In such circumstances, the company is advised to seek a compromise with opposing counsel and the court. Counsel might consider memorialising relevant discussions with PRC authorities to prove that it has made good faith efforts to comply with its discovery obligations to the extent consistent with Chinese data privacy restrictions. In doing so, the company should bear in mind that PRC counsel’s discussions and correspondence with PRC authorities may be confidential and often cannot be shared with foreign parties, including opposing counsel, absent approval.
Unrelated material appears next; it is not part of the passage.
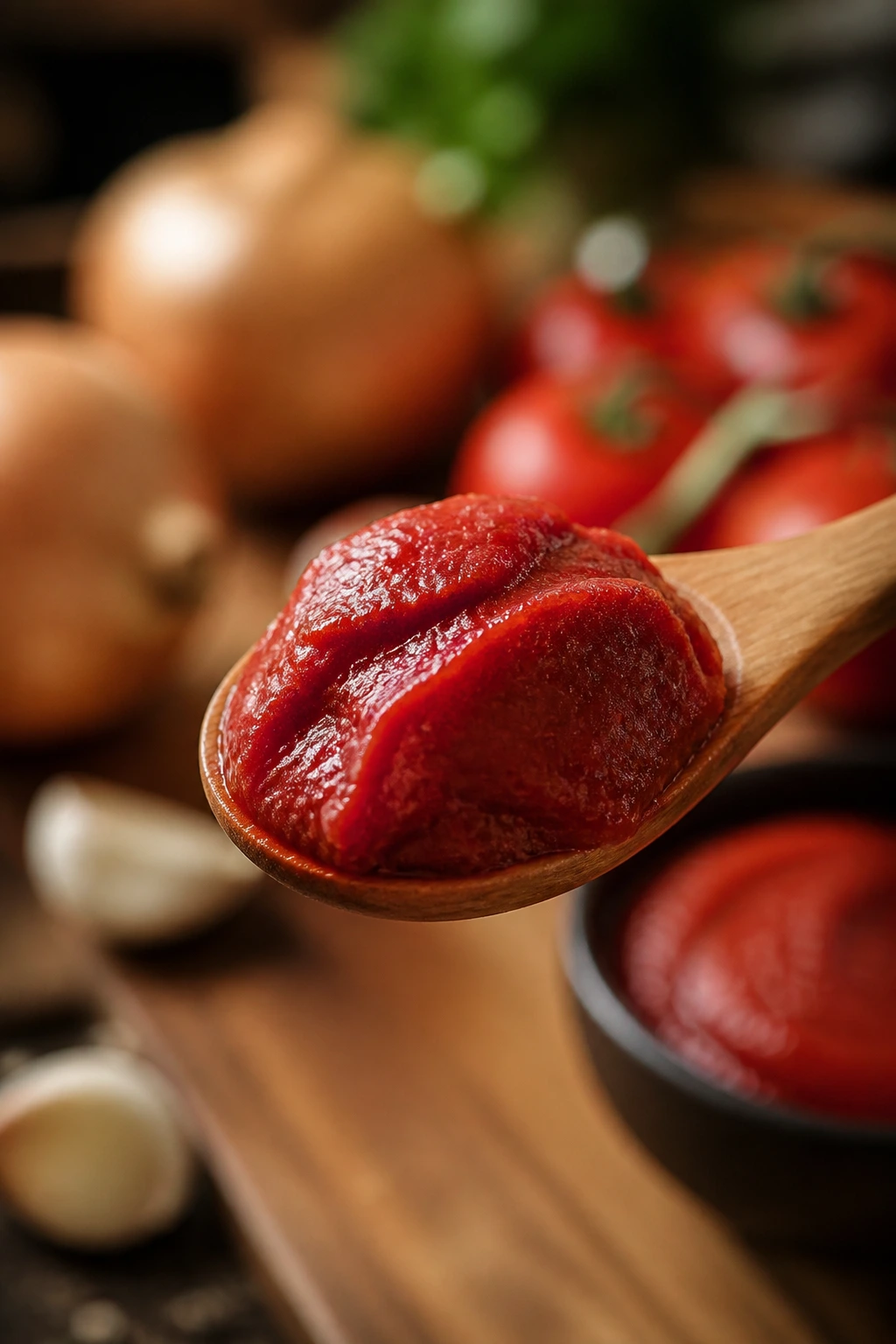 Teaspoon of tomato paste on a wooden spoon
Finally, subject to PRC authorities’ approval, the company may also consider inviting opposing counsel to China to examine the relevant documents onsite to avoid the red tape blocking data export. However, foreign parties may be subject to requirements such as a valid PRC passport and restrictions concerning carrying notes across borders. US counsel is thus advised to discuss such a proposal with the company’s PRC counsel and devise a detailed review protocol that sets forth parameters of the review exercises. Ideally, counsel and opposing counsel can agree to this review protocol before they travel to China for the onsite review.
Conclusion
The recent adoption of rigorous Chinese privacy laws has exposed Western businesses operating in the PRC to increased regulatory risk. Western companies cannot avoid doing business with the world’s second largest economy, however. The steps outlined above can help directors, executives and their counsel navigate the obstacles and challenges raised by these new data privacy laws in China.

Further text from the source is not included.